NO WRITER ATTRIBUTED

The following extracts from a letter on education in Egypt, reprinted in the Hillsdale Herald, may be of interest. The present khedive, who is a strong supporter of the education of women as well as men, has been doing much good to the cause since his accession to the throne.

"Several schools for boys he has already founded, and sends his own sons to them, while he has in contemplation the establishment of a girl's school in which his own daughter will be educated The public schools, supported by government, which were formed in the beginning of the century, by the enlightened Mehemet Ali, the founder of the present dynasty, are well organized and embrace a pretty thorough course of study. They are divided into civil and military schools, the latter of which include every branch of military education. The former are subdivided into primary, secondary, and special schools. Three years are spent in each of the first two; four years in the last. In the primary schools are taught the reading and writing of Arabic, arithmetic, and French; in the secondary or preparatory schools Arabic, Turkish, French, and English, pure mathematics, drawing, history, and geography. The special schools are devoted respectively to the subjects of law, medicine, and art, engineering, etc. Besides there are government schools for the blind, those supported by the various Christian communities, both native and European, and the almost infinite number of "Free schools" attached to the public fountains and maintained by the same charitable foundation as the fountain. Every visitor to Cairo is familiar with these. Passing a fountain at almost any time of the day, he will be pretty sure to hear from the building connected with it the babel of many infantile voices, pitched in all keys, and on looking in at the open door, he will see a confused mass of little human bodies squatted on the floor, rocking back and forth in well-kept measure, and repeating, parrot-like, the lesson of the day, each viewing with the others as a lung-tester; while in the background, squatted likewise on the pedagogical mat, is the instructor, whose chief business seems to be to keep up the rhythmical rocking and Babel of sound to its highest pitch.
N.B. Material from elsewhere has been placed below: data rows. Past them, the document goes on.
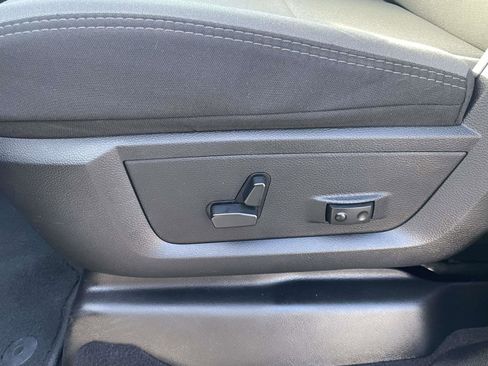 Used 2024 RAM 2500 Big Horn w/ Bed Utility Group image 14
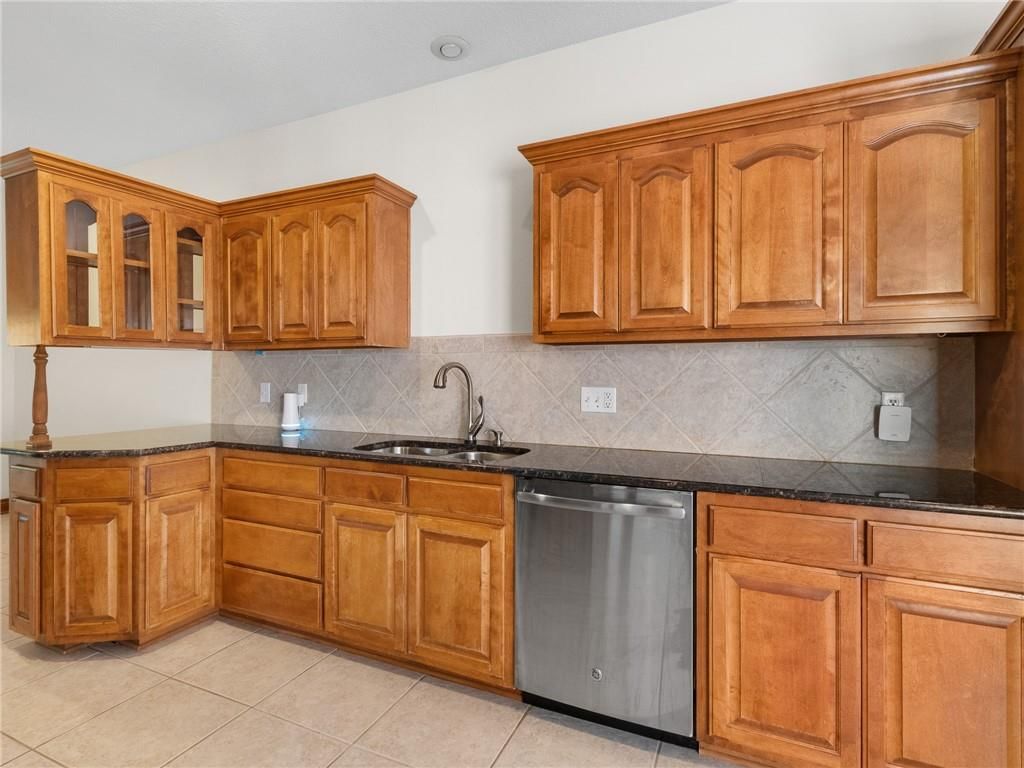 9755 N Lucerne Avenue — photo 7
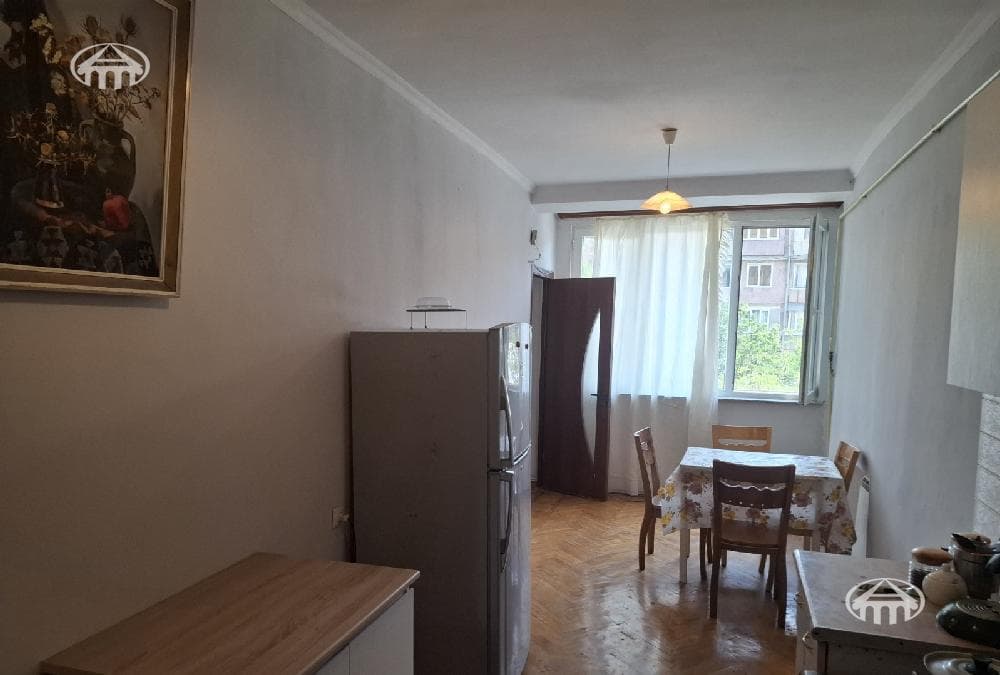 Apartment · 2 rooms · 76 m² · Arabkir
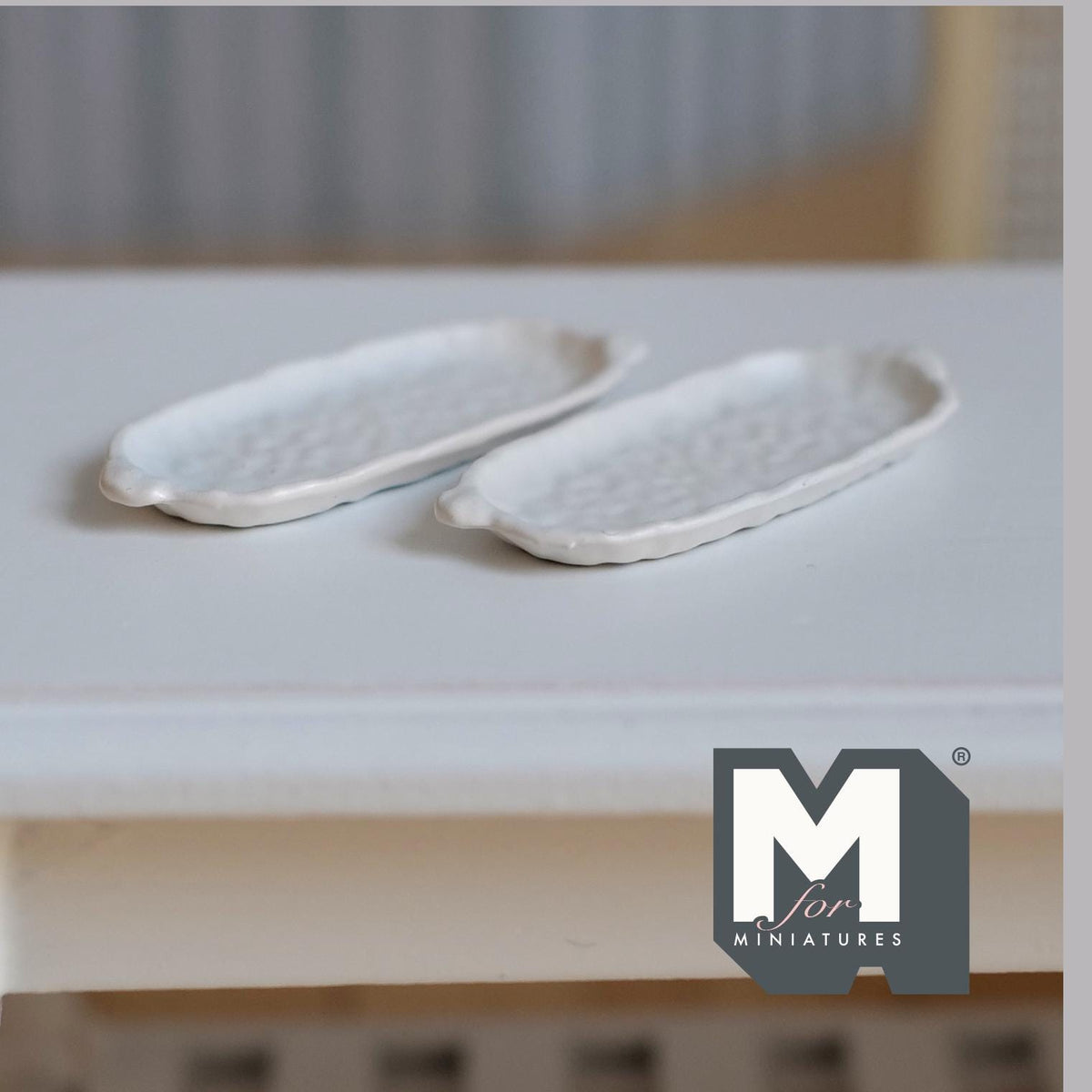 Miniature Irregular Shaped Serving Plates Set of 2, 1:12 Scale Dollhouse Kitchen Decor Tableware 1-5/16 inch long (white) (style d) - A043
This he does by occasional adjuration, strengthened by applications of a long cane, which seems to be the chief badge of his profession, and by means of which he is able to reach the remotest delinquent without the trouble of rising from his seat."

"Perhaps the most remarkable illustration of native teaching in Cairo is to be found in the university, which is established in what was formerly a mosque. This is the university of the Mohammedan world. Students come hither to avail themselves of its instruction not only from all parts of Egypt, but from all over the Orient, and the number in constant attendance ranges from 10,000 to 12,000. For over 900 years this institution has kept the even tenor of its way in this same old mosque, in the same old fashion of teaching and learning, with the same old text-books, and if not with the same old instructors, at least under cover of their old prophetic mantle of blind intolerance. The president of the university is elected by the sheiks of the mosque, who are extremely jealous of their rights, and obstinately resist all the efforts made by the khedive to improve the character of the instruction given. Text-books once adopted are never changed, and the whole course of training consists in committing these treatises to memory."

The instruction given comprehends all degrees of advancement, from the first rudiments of the language to the most erudite disquisitions on mathematics, logic, philosophy, grammar, theology, and Mohammedan religion and law according to the different rites. The errors in both natural and mental science that must be transmitted from generation to generation, by the fanatical intolerance which bars out all "new-fangled" notions may be imagined, but it is doubtful whether their scholastic ignorance goes quite so far as is related of the college engineers, in Constantinople. not many years ago. A committee of foreign engineers had been invited by the government to investigate the workings of the institution. Among the questions propounded to the mathematical professor of the faculty was one desiring the number of right angles comprised in a right-angled triangle. The professor requested permission to consult with his colleagues before giving an answer to so knotty a question, and the next morning gravely returned with the answer that 'it depended on the size of the triangle!'"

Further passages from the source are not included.